Work instructions:
Repeat, word for word, every line from the line holding "Recambio Plasmático Terapéutico (TPE) 🤓" through the final line of the entries below. Skip all pictures.

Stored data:
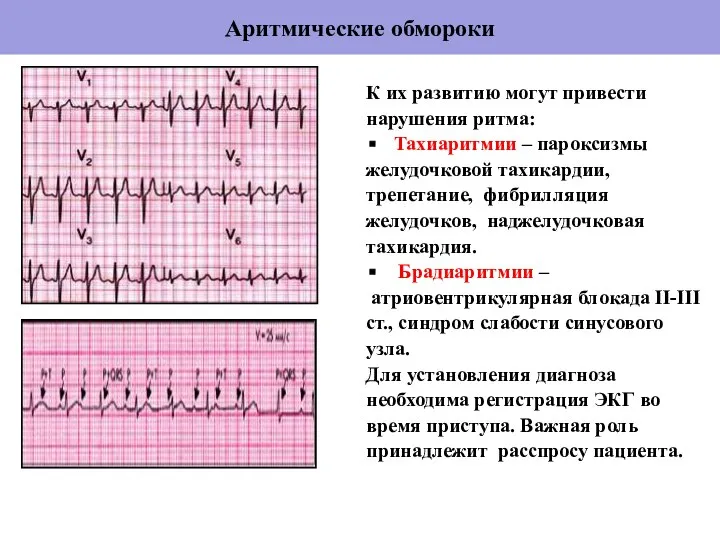 Аритмические обмороки К их развитию могут привести нарушения ритма: Тахиаритмии –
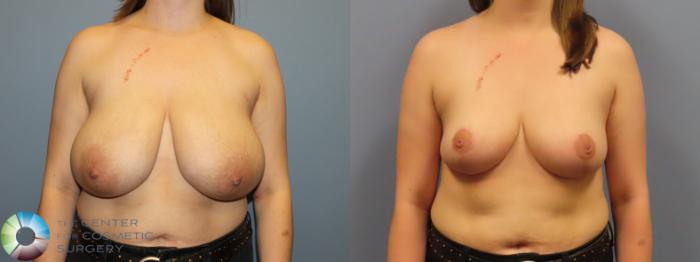 Before & After Breast Reduction Case 12005 Front in Denver and Colorado Springs, CO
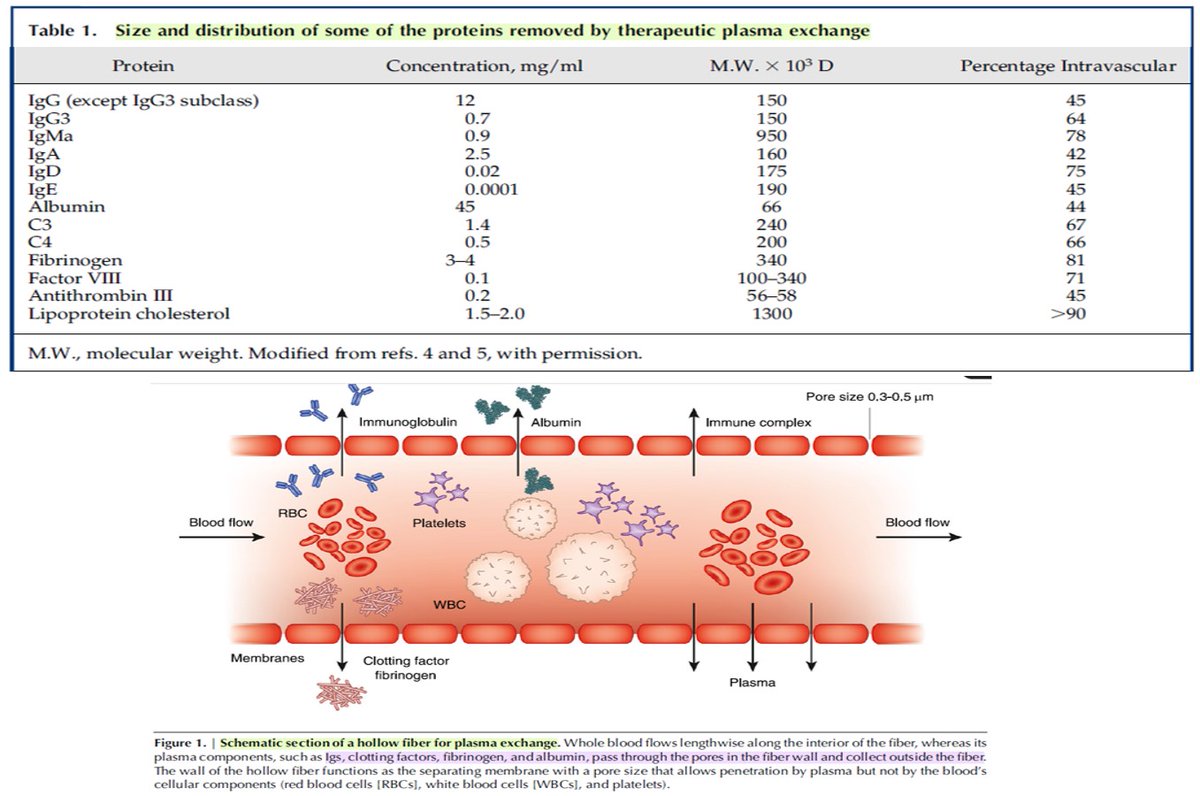 Recambio Plasmático Terapéutico (TPE) 🤓
#Nephrology #MedEd #NephX

(1/4)
✔️Técnica purificación sanguínea para remoción de moléculas grandes como anticuerpos/lipoproteinas
✔️Por centrifuga o por membrana 
✔️Centrifuga capacidad de aféresis celular, membrana NO
✔️Poros 0.3-5 mcm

Your solution:
 Recambio Plasmático Terapéutico (TPE) 🤓
#Nephrology #MedEd #NephX

(1/4)
✔️Técnica purificación sanguínea para remoción de moléculas grandes como anticuerpos/lipoproteinas
✔️Por centrifuga o por membrana 
✔️Centrifuga capacidad de aféresis celular, membrana NO
✔️Poros 0.3-5 mcm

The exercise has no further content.